During the last few years of the Obama Presidency, we saw a productive debate over the question of whether changes in the organization of work called for a new legal categorization of workers. In particular, the question was whether we need a third category, intermediate between “employee” and “independent contractor,” to capture the kinds of work arrangements typified by gig economy firms like Uber. Seth Harris and Alan Krueger, in a leading example, called for the creation of a legal category they named “independent worker,” which would grant some – but not all – protections of employment law to workers engaged in these types of work relationships.
There were several primary points of contention in the debate. One was whether such a third category actually was necessary, or whether the existing categories of employee and independent contractor were flexible and capacious enough to capture the new work relationships. Harris and Krueger took one position on this question, I took another.

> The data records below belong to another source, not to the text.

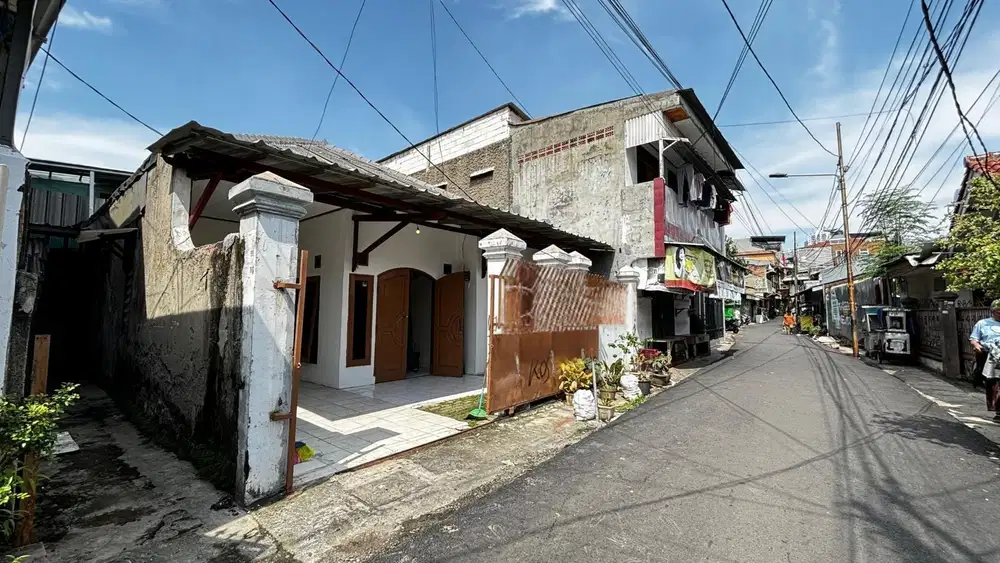 Dijual Rumah bonus kontrakan 13 pintu di karet setia budi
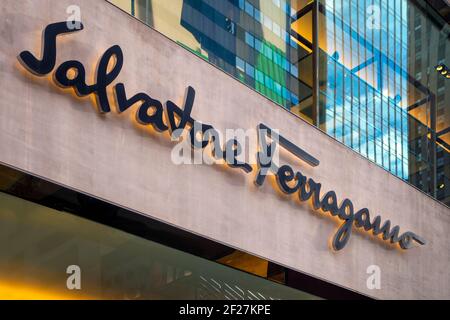 Manhattan, New york, USA 11-26-2020, Salvatore Ferragamo Store auf der Fifth Avenue, Stockfoto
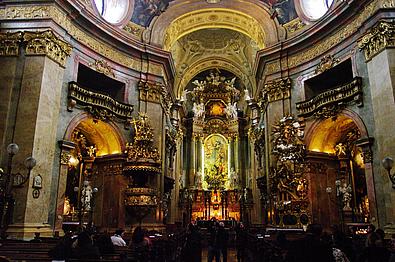 Blick auf den Altar der Peterskirche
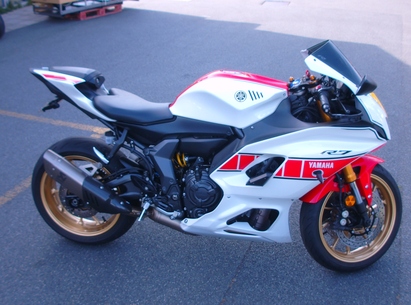YAMAHA YZF-R7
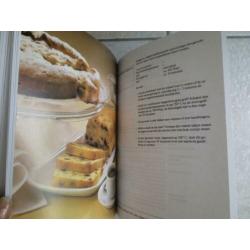 Het kookboek voor combinatie magnetrons; nieuw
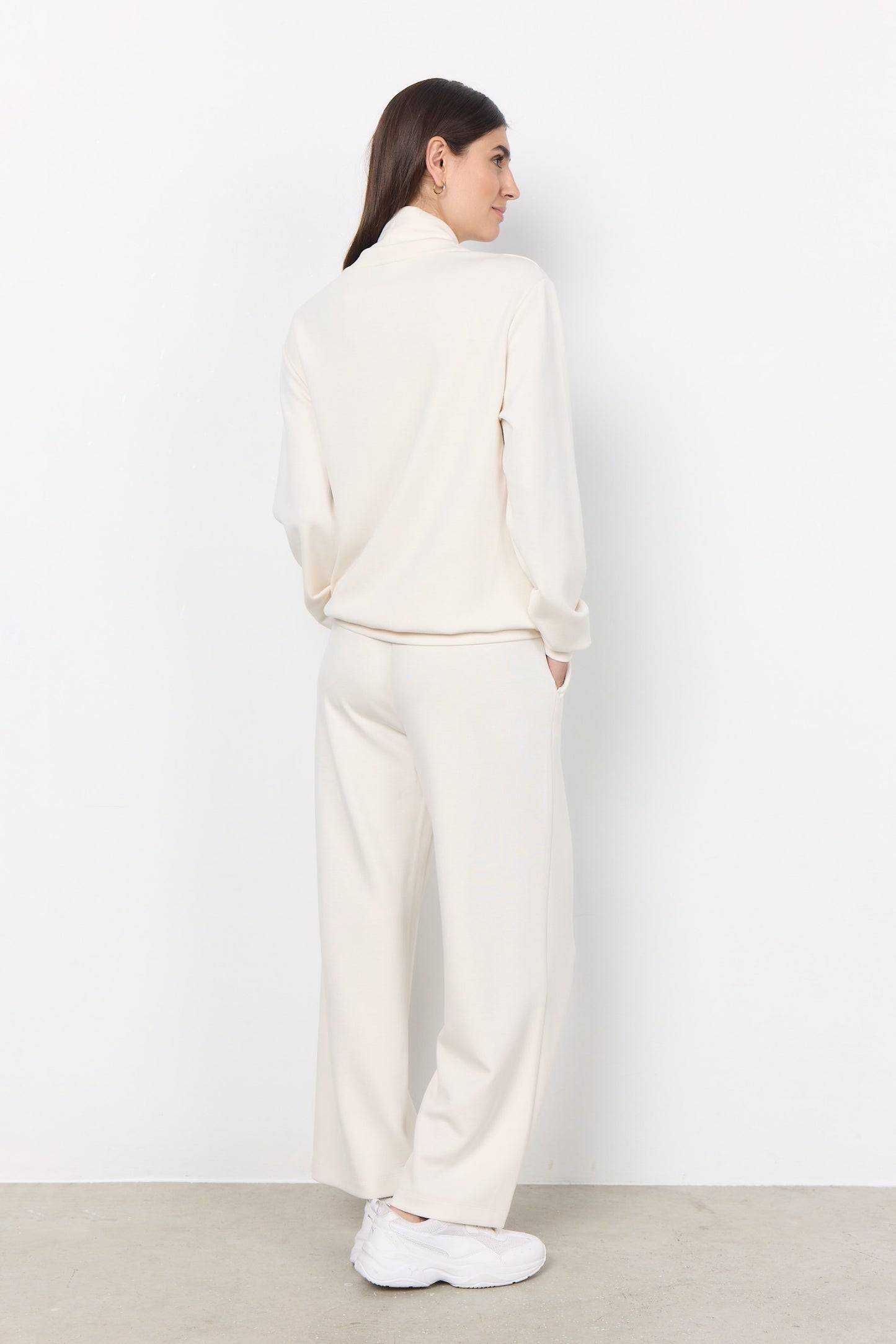 Banu Soft Relaxed Pant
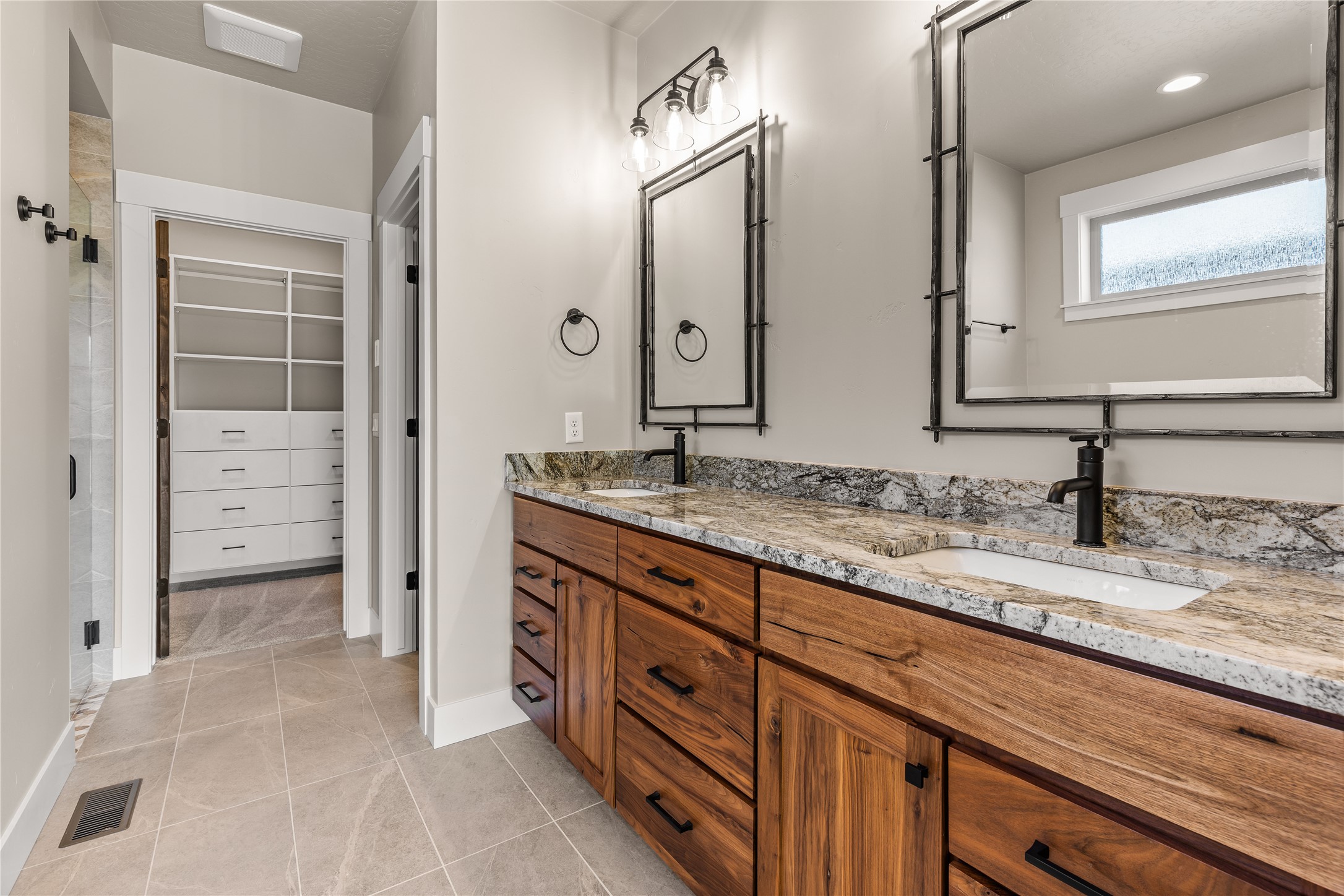 985 Anglers Bend Way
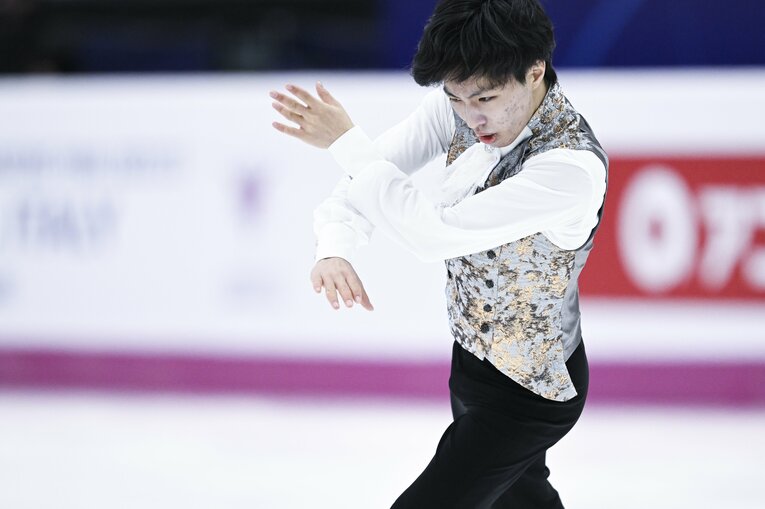 昨季はフリーで「美女と野獣」のプログラムを演じ、自らを「ビースト」とも表現していた　©︎Asami Enomoto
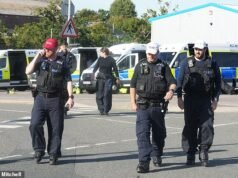 A polícia está ‘se preparando’ para a chegada de mais pequenos barcos depois que um bote foi avistado na costa sul do Canal da Mancha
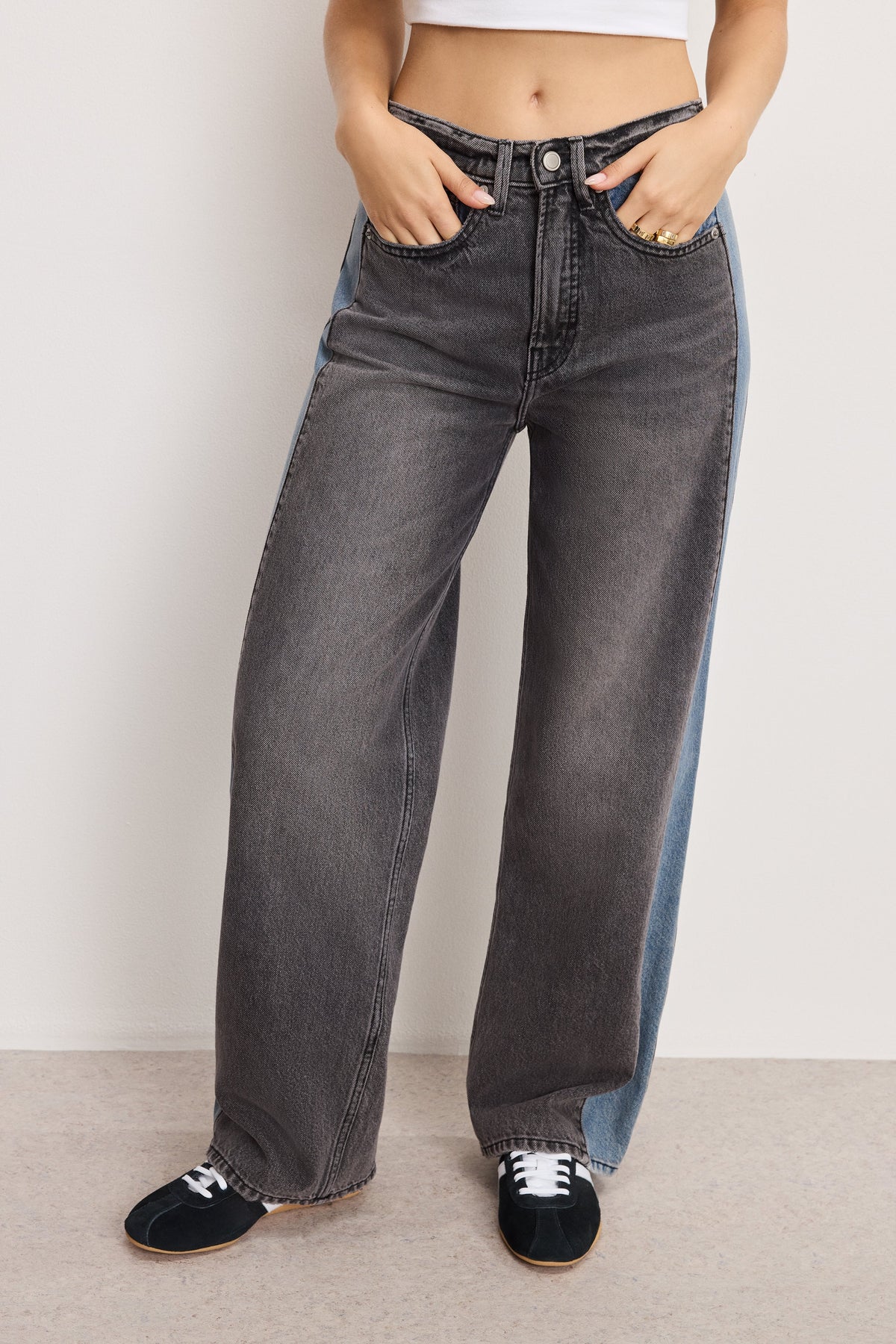 Good Low Rise Baggy Jeans in Indigo1000
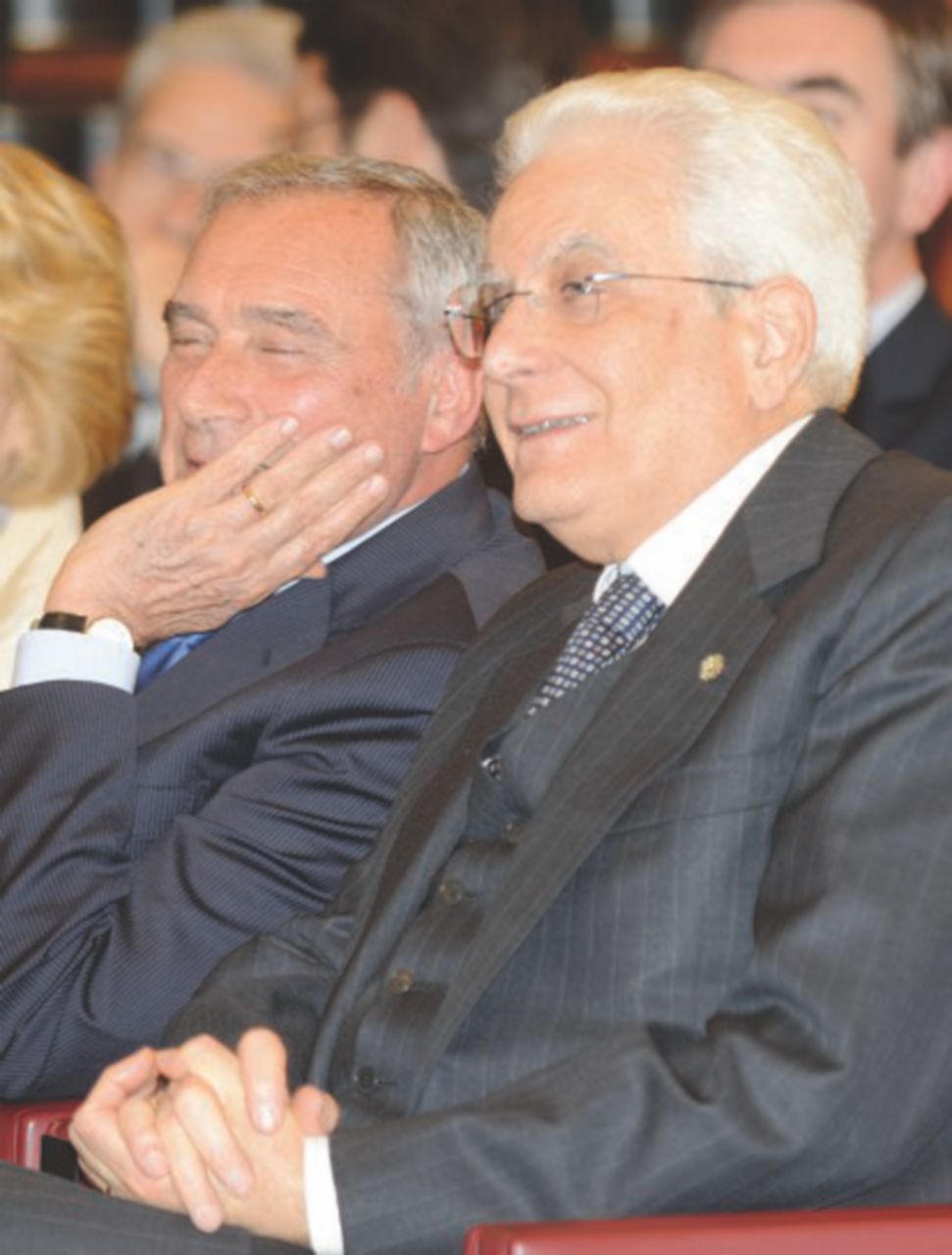 Intermezzo comico. Da sempre, la prosa di Napolitano è di una noia mortale. La presentazione ha avuto un intervallo comico che ha divertito Mattarella e Grasso Re Giorgio precetta il Senato per il suo libro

A second question was whether a third category would result in ‘leveling up’ or ‘leveling down.’ One hypothesis was that if we created a new category – independent worker or something similar – workers previously classified as independent contractors would be shifted up (as it were) into the new category and thus granted expanded protections relative to what they enjoyed as contractors. The other hypothesis, the more pessimistic one, was that workers previously classified as employees would be shifted down into the new category and thus offered fewer protections relative to what they enjoyed as employees.
The Obama administration, with the Perez/Weil team in charge at the Department of Labor, presented a relatively favorable political context for trying out a third category of worker. Had that administration embraced such a development, it would have worked to ensure – perhaps through veto of any problematic legislation, perhaps through administrative action – a legal category with the best chance of leveling up conditions for workers. Even in that favorable political context, there was robust debate about what the results of a third category would have been. There was genuine disagreement among policymakers and commentators, all committed to improving conditions for those working in the new labor market, over whether a third category made good sense.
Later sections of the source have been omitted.